# Some observations on "Steampunk"!



## Tom Lapointe (Jan 2, 2008)

At least (sorta) train-related (if you run live-steam or model with a "Steampunk" touch







)...



Interesting observations!







Tom


----------



## Mik (Jan 2, 2008)

Maybe it's because I've been around REAL steam stuff since I was 10, and am a student of what things were REALLY like around the turn of the last century... but "steampunk" has always struck me as just a LITTLE goofy anyway. 
But then, they probably think grown men playing with toy trains is just as goofy. 

Let's combine toy trains and steampunk... Rail zeppelins anyone? 








http://www.douglas-self.com/MUSEUM/TRANSPORT/proprail/proprail.htm


----------



## Ray Dunakin (Jan 6, 2008)

LOL! Although I'm not into steampunk personally, I have noticed that a lot of what people are calling steampunk really is just gluing gears onto junk.


----------



## Torby (Jan 2, 2008)

There's a certain "touch" to doing steampunk. Has to look like finely crafted 19th century machinery. Myself, I'm rather fond of brass inlays.


----------



## vsmith (Jan 2, 2008)

Depends _WHAT_ your glueing those gears too


----------



## Dwight Ennis (Jan 2, 2008)

Oh Lord... a 19th Century 7 of 9.


----------



## Randy Stone (Jan 2, 2008)

Posted By vsmith on 30 Jul 2012 11:07 AM 
 
Depends _WHAT_ your glueing those gears too










Vic, she's not short enough to be one of your creations.

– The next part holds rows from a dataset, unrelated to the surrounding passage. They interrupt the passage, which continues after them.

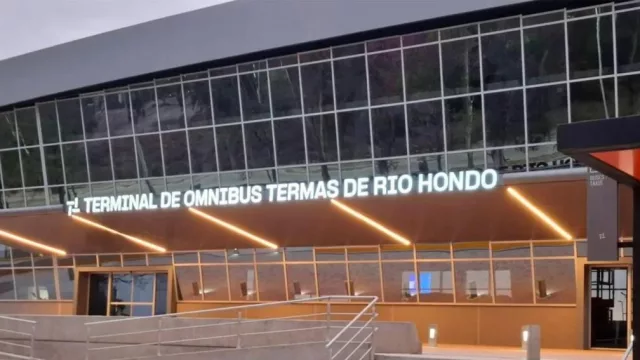 Las Termas suma infraestructura turística: inauguran una nueva terminal de ómnibus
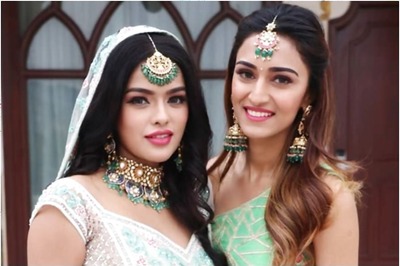 Kasautii Zindagii Kay's Sonyaa Ayodhya Marries Harsh Samorre, Erica Fernandes, Harsh Rajput in Attendance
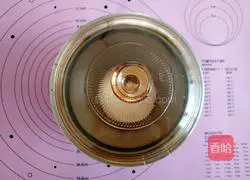 Illustration of how to make Northeastern bean buns 5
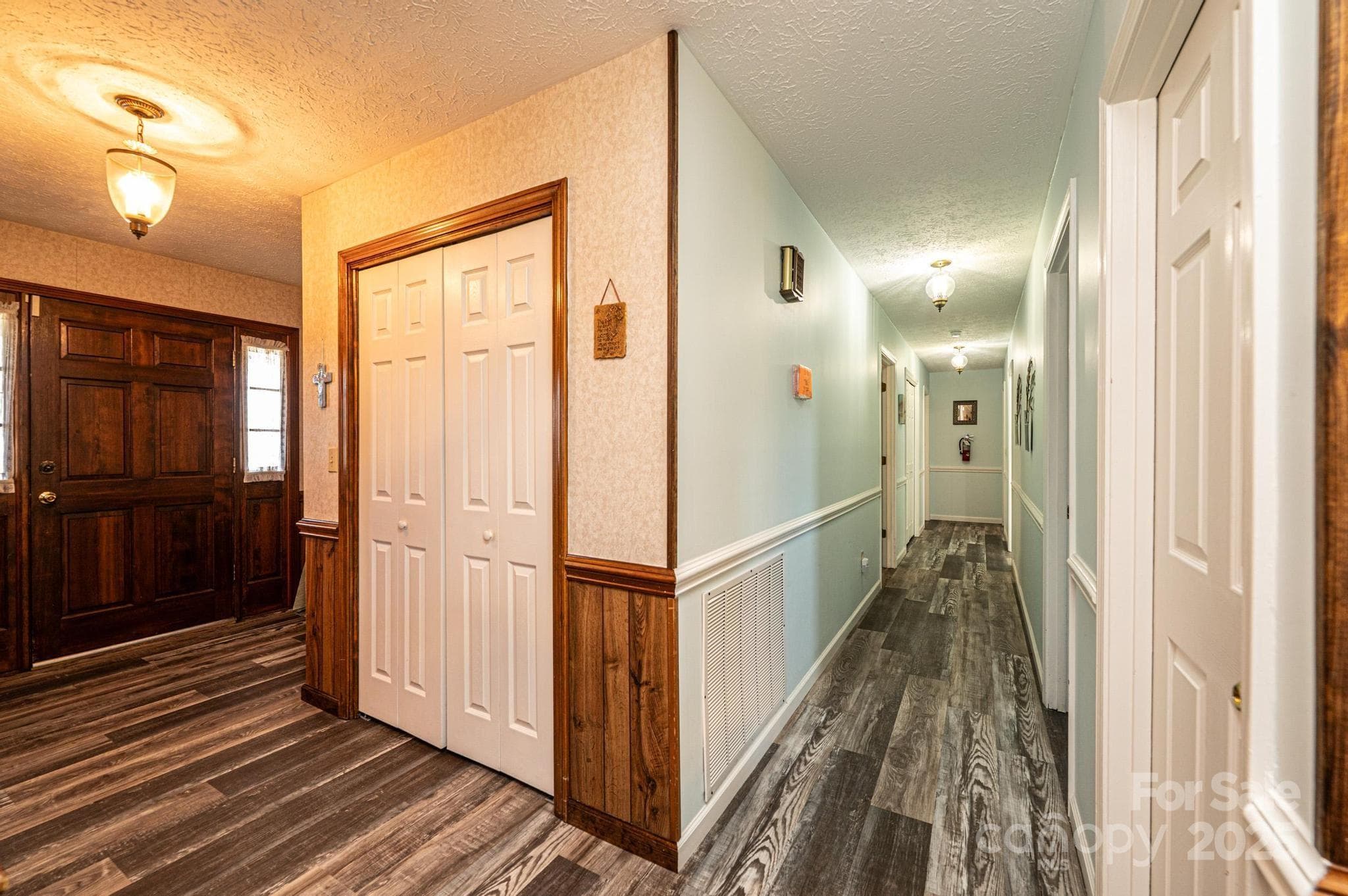 Single Family Residence at Lenoir, photo 35 of 42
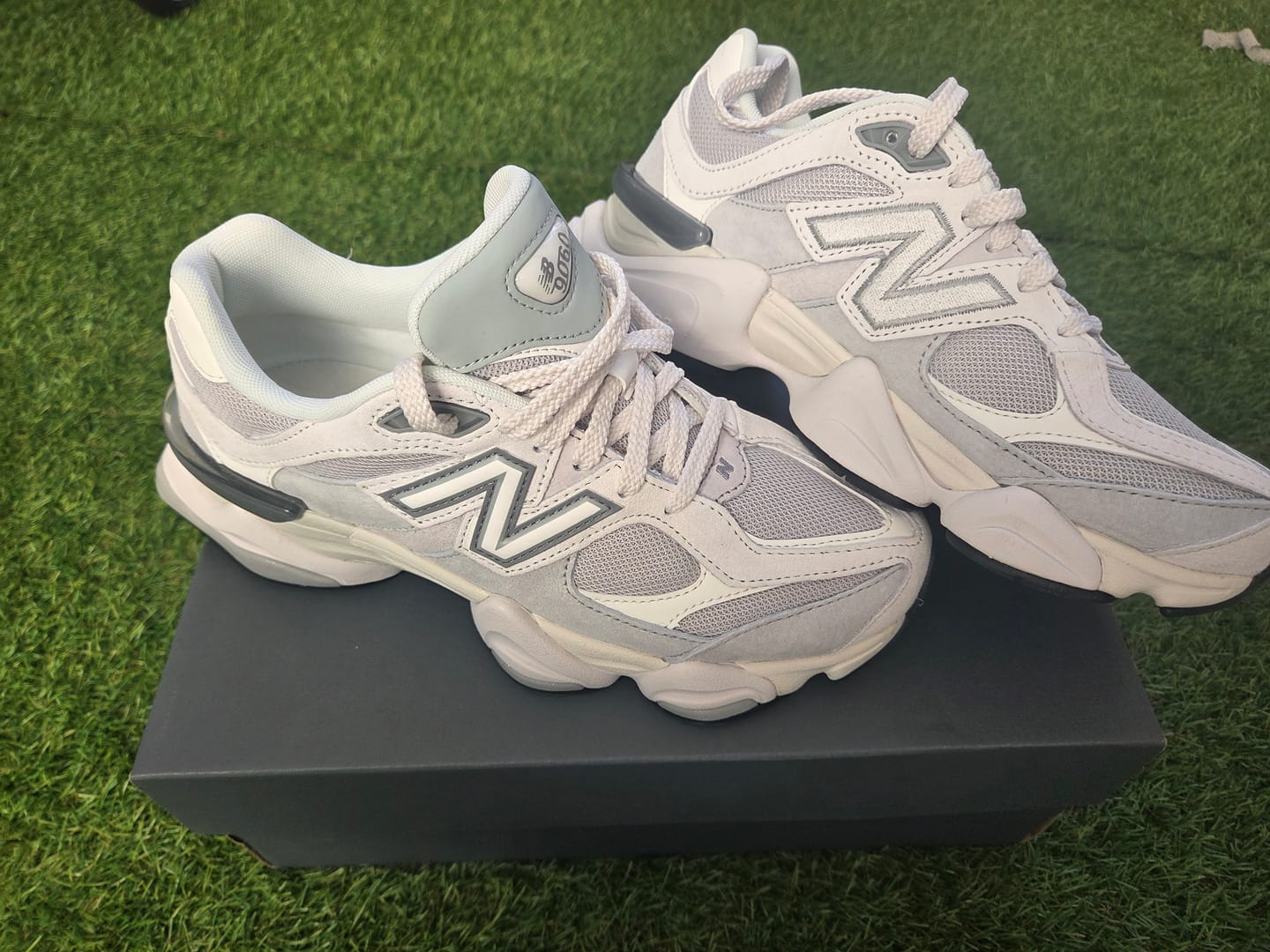 Customer photo review of New Balance 9060 - Lone Star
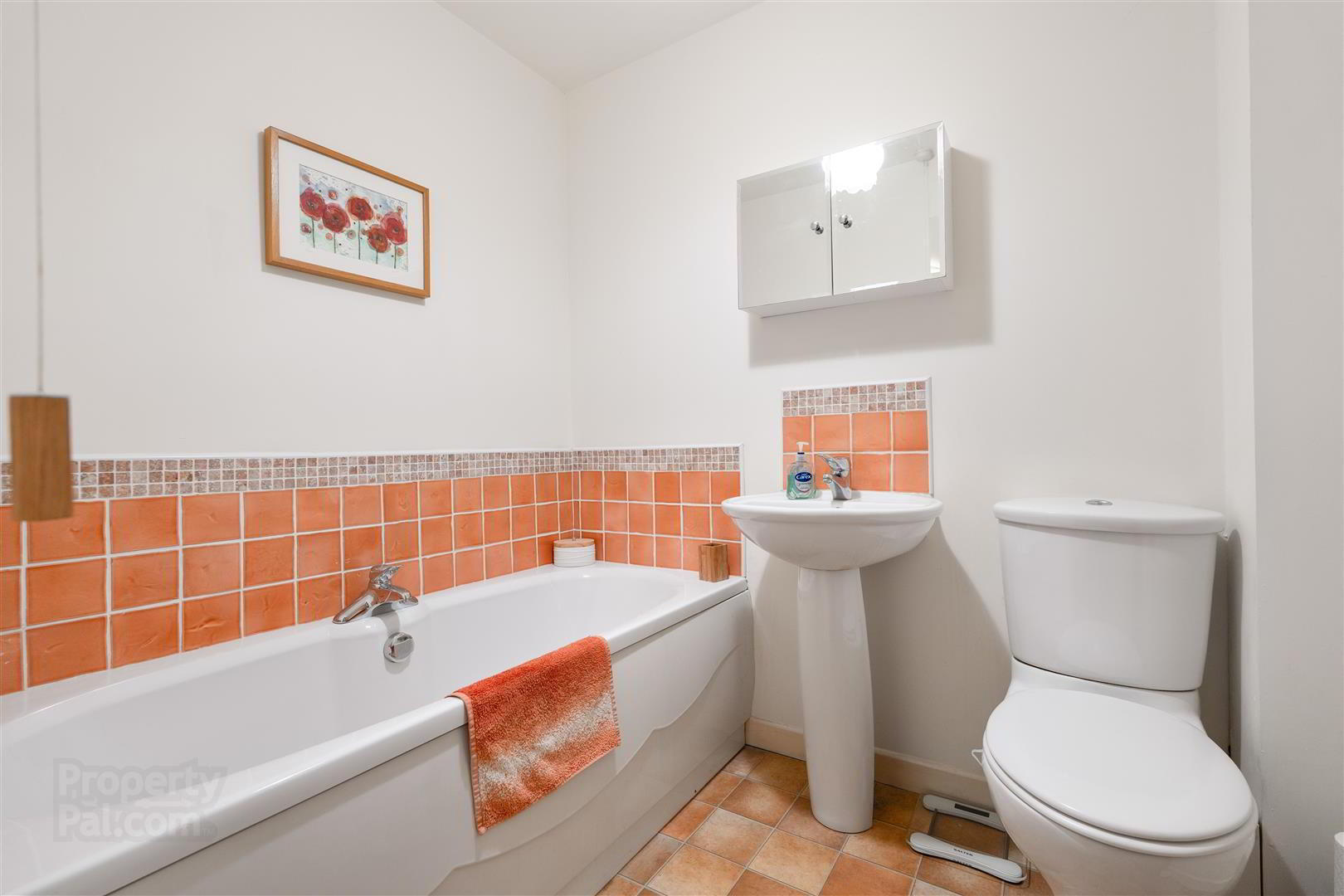 68a Woodrow Gardens 8 of 14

Might be one of MIK's creations but there isn't any green paint on her.

I really think Dewight may have created her since he's had nothing to do after finishing his steamer.

Either way, I'd like to have her.


----------



## vsmith (Jan 2, 2008)

I could say something "She can wind my clock anytime" ...but I wont.


----------



## tj-lee (Jan 2, 2008)

"Just glue some gears on it (and call it steampunk)" 

Wonderful! Thanks for posting it. 

Best, 
TJ


----------



## djacobsen (Jul 20, 2011)

_Tom,_
steam punk is related! Not everything is gears or cogs glued to something else.
Top Hat & goggles are not required. 
There are folks out there building SP inspired locomotives and rolling stock,
in large scale & 0n30.
One group, the Steam Punk Empire has Rail Fan sub groups.
Chris Walas' Captain Nemo consist could very easily be classified
as unintentional steam punk!
Steam Punk is bringing a revival of interest in Steam, be it railroads,
steam ships or river boats, steam powered Zeppelin, motorcycles,
bicycles & auto's...
Who knows, there may be many steampunk enthusiasts on this site.


----------



## cocobear1313 (Apr 27, 2012)

Tom, since I saw this, if I need a guaranteed smile, this does the trick. Many thanks. I have shared this with a number of friends and it has the same effect. Again, Thanks!


----------



## Amber (Jul 29, 2011)

The idea of Steam\punk is based on Jules Verne's version of the Victorian era. It tends to wander down a lot of sideroads from that, into goth for example, but I've see some wonderfully authentic recreations of 1890s clothing being worn by steampunk people, as well as all the "Victorian inspired" attire, and the "gears glued to something" attire. It's mostly a "what if" inspired fersion of the late 1800s and early 1900s era. Steam trains, zepplins, and Tesla inspired devices.  
You could also look at as an adaptation of the "Wild Wild West" tv show, because you frequently see western themed costumes in steampunk.


----------



## scottemcdonald (Jan 11, 2008)

While I have yet to dress in "appropriate attire" at a steamup, some of us do more than just run the steam locomotives.










And yes, someone just added gears to the goggles. But in the world of steampunk I can relate how those gears adjust the "shutters" in the goggles to vary the light intensity into my eyes. 

Scott


----------



## Semper Vaporo (Jan 2, 2008)

I don't mind the addition of a few gears to adorn something, though it is best done when they at least appear to have a function. And I certainly do appreciate the Victorian style associated with the genre (If you've seen my doll collection you'd know what I think of the Victorian era... hmmm... maybe I need to glue some gears on them?).

But including the word "PUNK" as part of the name is like describing a delicious Steak as "Pukey", or a shapely woman as "belchy". The word just does not conjure up an image of desirability or worthiness!

I realize the word was chosen out of rebellion and to "exclude" those that "don't understand" (the "establishment"?) whether consciously or unconsciously, but for me it is an insulting term.


----------